The San Francisco Mint, San Francisco Oct. 7–Nov. 5
The official description for this drag-fueled, Peaches Christ-starring haunted house experience is so magnificent, it bears repeating in its original form:
Guests will participate in a real live seance that rips a hole into the supernatural world and takes them on a terrifying adventure! Prepare to come face-to-face with demonic spirits while you attempt to retrieve the severed head of an unethical vampire queen.
(Because presumably, unethical vampire queens are the worst kinds of vampire queens…)
Everything about The Summoning promises to be extra-extra. Groups of 11 guests at a time will be guided through the experience, which will include (*deep breath*): nudity, gore, “4-D effects,” mazes, theatrical segments and a cast of 78. (Seventy-eight!) Peaches and friends ask that you leave your high heels and Halloween masks at home, but feel free to grab a drink at the on-site ’80s goth pop-up bar afterwards. It’s called (*checks notes*) Fang Bang. Like I said: extra-extra.
Both Oakland and San Francisco are holding kid-thrilling Boo at the Zoo events this year.
Oakland Zoo is offering a fun-filled animal-themed scavenger hunt across its grounds. Costumes are encouraged; choosing to use the zoo’s collection of snakes, scorpions, spiders and other delightful creepy crawlies as inspiration is optional.

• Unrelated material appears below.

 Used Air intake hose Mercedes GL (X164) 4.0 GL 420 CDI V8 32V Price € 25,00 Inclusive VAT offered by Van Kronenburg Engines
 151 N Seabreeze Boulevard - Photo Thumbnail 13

San Francisco Zoo is holding a costume parade and contest at noon on event days, and is also offering a self-guided, sloth-themed jaunt around a variety of haunted houses on the zoo’s grounds. Houses include “Count Dracu-sloth’s Fortress” and the “House of Franken-sloth.” Get ready to squee!
A heads up: Both of these events usually sell out fast, so families are encouraged to book in advance.
Truth be told, the Alamo is never not doing Halloween, thanks to Terror Tuesdays, Weird Wednesdays and a general commitment to digging up old horror movies and putting them back on the big screen. But while the Mission movie theater is always a reliable source of jump scares, it’s ramping up the horror content for the entire month of October.
And if parents need something that younger eyeballs can feast upon, look for Ghostbusters on Oct. 4 and Beetlejuice on Oct. 12—both of which will be full-blown parties. The Ghostbusters one will include Slimer slime, Stay Puft marshmallows, and glow necklaces “you can wave around anytime the Ghostbusters use their proton packs.” May “I ain’t ’fraid o’ no ghost” be your mantra for the evening.